Board debates options for property-insurance procurement after agent reports lower premium this year
Summary
Board discussed whether to continue with the longstanding insurance agent after a staff presentation that current layered coverage and agent negotiations produced a premium drop to about $1.55 million; members raised transparency and market-access concerns and asked staff to return with options.
The Acadia Parish School Board spent an extended portion of its Dec. 9 meeting discussing options for property-insurance procurement and the district's relationship with its insurance agent.
An insurance-staff presenter described the district's current approach as "layered coverage," explained how the district's agent negotiates with multiple carriers, and said the board's agent produced a premium reduction last year of about $467,000 โ lowering the annual premium from about $2,016,000 to about $1,549,000. The presenter also said the district's schedule of values for property is roughly $259,000,000 and warned that market assignment (a process proposed by some brokers whereby agents are limited to specified carriers) can complicate apples-to-apples comparisons across agents.

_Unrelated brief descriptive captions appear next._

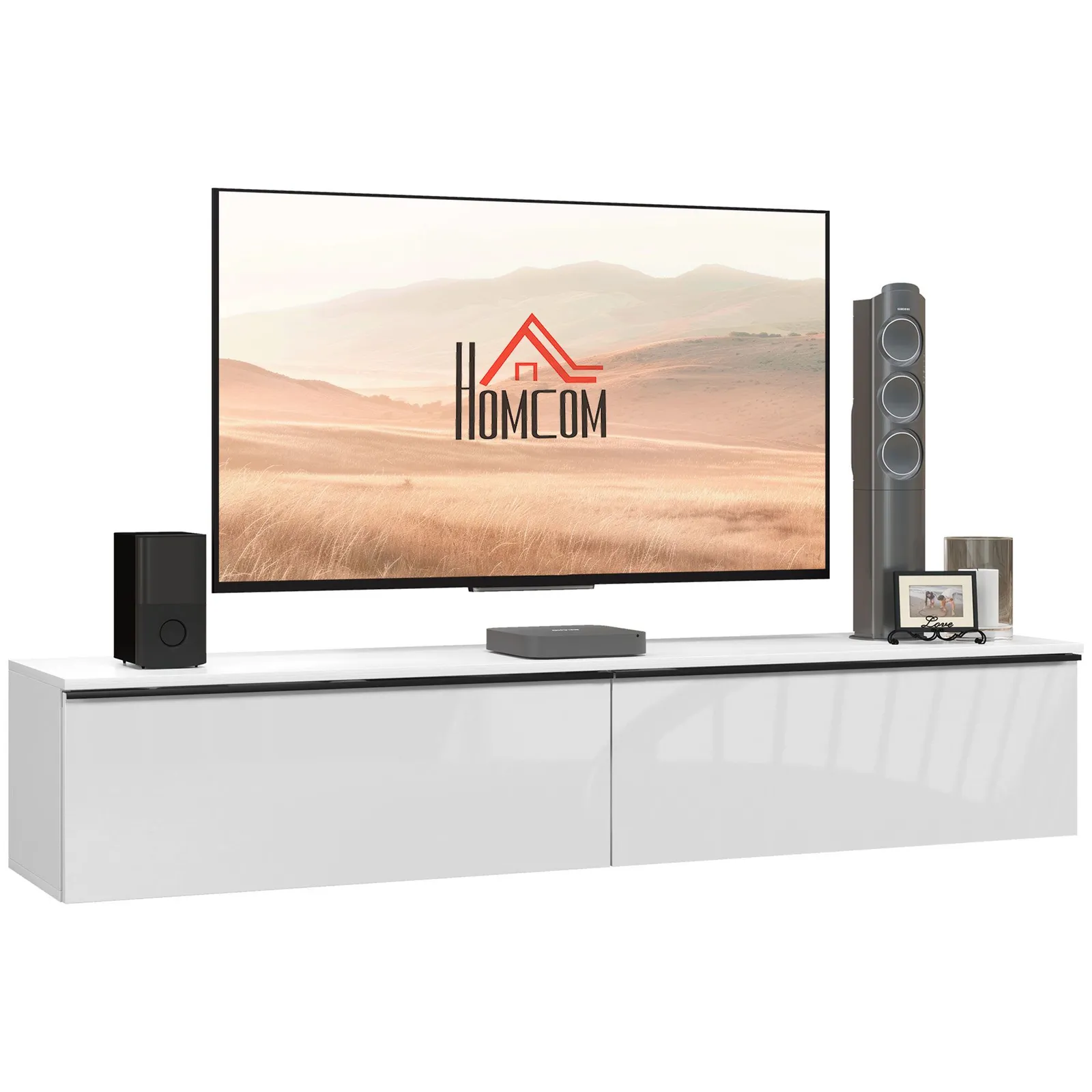 HOMCOM Wall Mounted TV Stand Unit with Storage & High Gloss Effect, White 2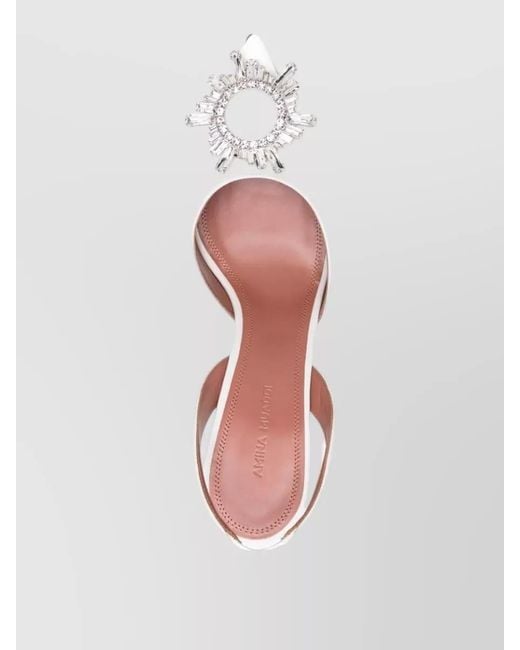 AMINA MUADDI Pink Leather Crystal-Embellished Slingback Pumps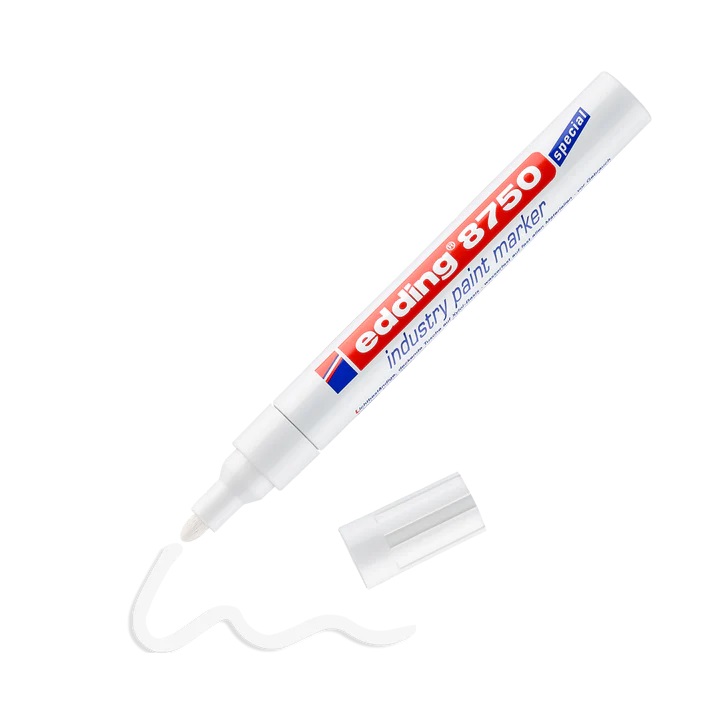 edding 4-8750002 edding® Lackmarker, Strichbreite 2-4 mm, wasserfest, Rundspitze, gelb - edding 8750 Industrie Lackmarker - Rundspitze 2-4 mm - weiss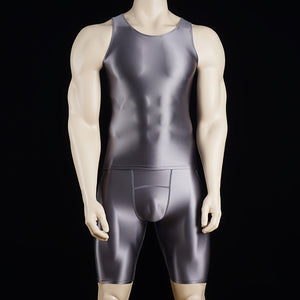 Satinylust-Aion Ash Glossy Tank Top And Compression Shorts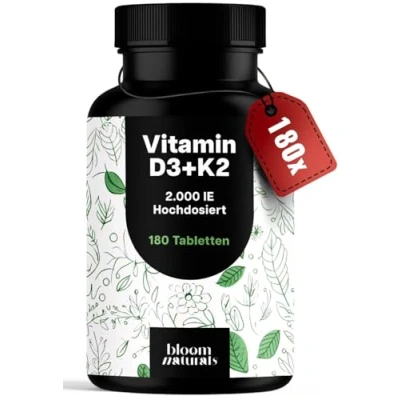 Abbildung von Vitamin D3 K2 hochdosiert 180 Tabletten mit 2000 IE Premium 99,7+% All Trans MK7 Produziert in Deutschland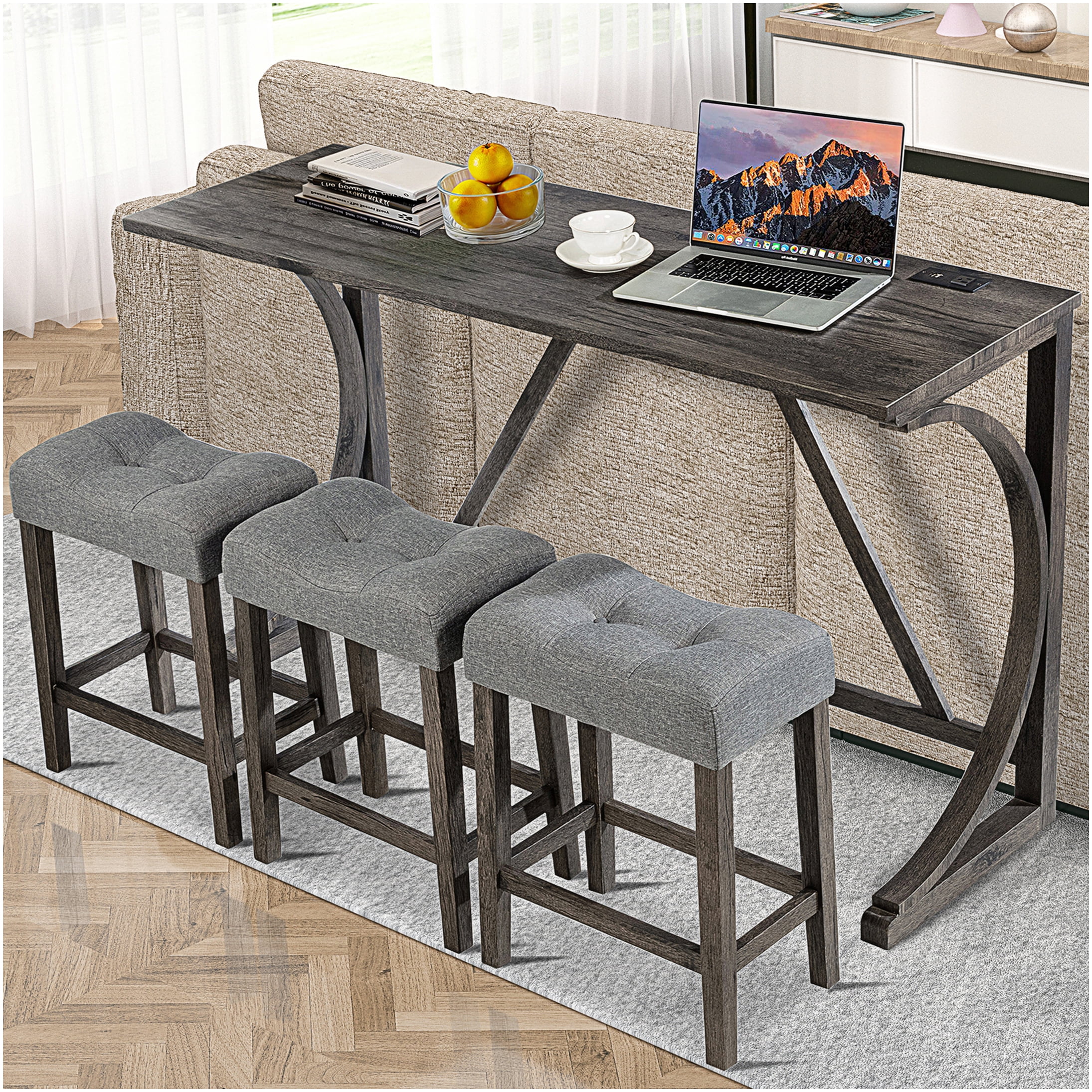 GDF Studio Modern Upholstered High Seat Bistro Set, Cedric 3 Piece
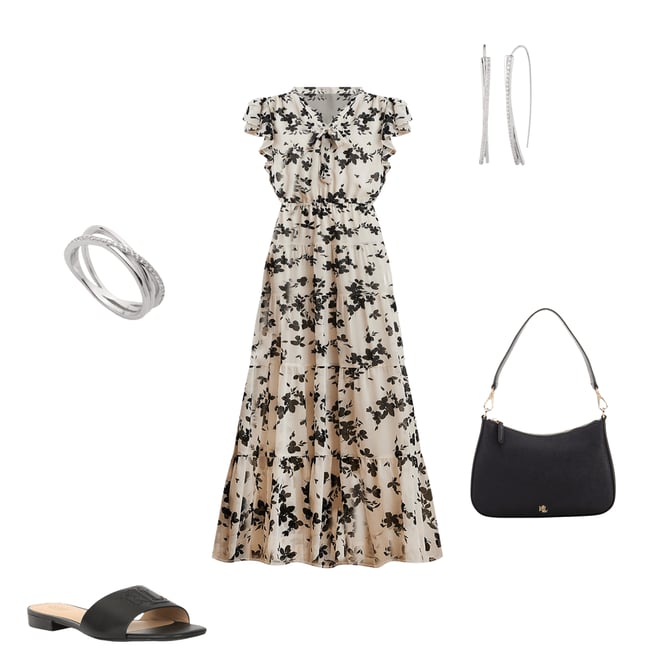 新作セール Ralph lauren 美ライン ワンピース Floral Dress Lauren Ralph Lauren Wandella Crinkle Georgette Floral V Neck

Several board members and community speakers raised transparency and competition concerns. One board member asked, "How do we know we're getting a good price?" and said taxpayers' money should be scrutinized; another suggested the board consider obtaining quotes from other brokers (for example, naming Gallagher) but the presenter cautioned that many brokers would seek quotes from overlapping pools of carriers, and that whoever reaches a carrier first commonly receives the quote. The presenter said multiple agents are possible but can make layered coverage negotiations more difficult.
Participants discussed local firms and whether exclusive outlets for certain carriers should be permitted to bid. One commenter referenced Jeff Davis school system's recent broker change as an example of a local district that moved to a different agent.

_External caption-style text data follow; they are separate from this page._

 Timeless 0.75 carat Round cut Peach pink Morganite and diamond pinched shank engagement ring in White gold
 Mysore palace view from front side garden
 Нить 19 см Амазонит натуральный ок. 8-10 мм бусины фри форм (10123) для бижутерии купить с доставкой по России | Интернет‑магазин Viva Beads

The presenter recommended the board consider its options and advised there is time before the board must decide (the presenter said a decision could be targeted around March). No final procurement decision was made at the meeting; the discussion concluded with board members asking staff to return with options and additional information.
The transcript records multiple agent-name variants in discussion (Dupree Carrier/Gotshaw, Gotcha, Dupri Carrier Gotshul, etc.); the meeting record did not standardize those spellings.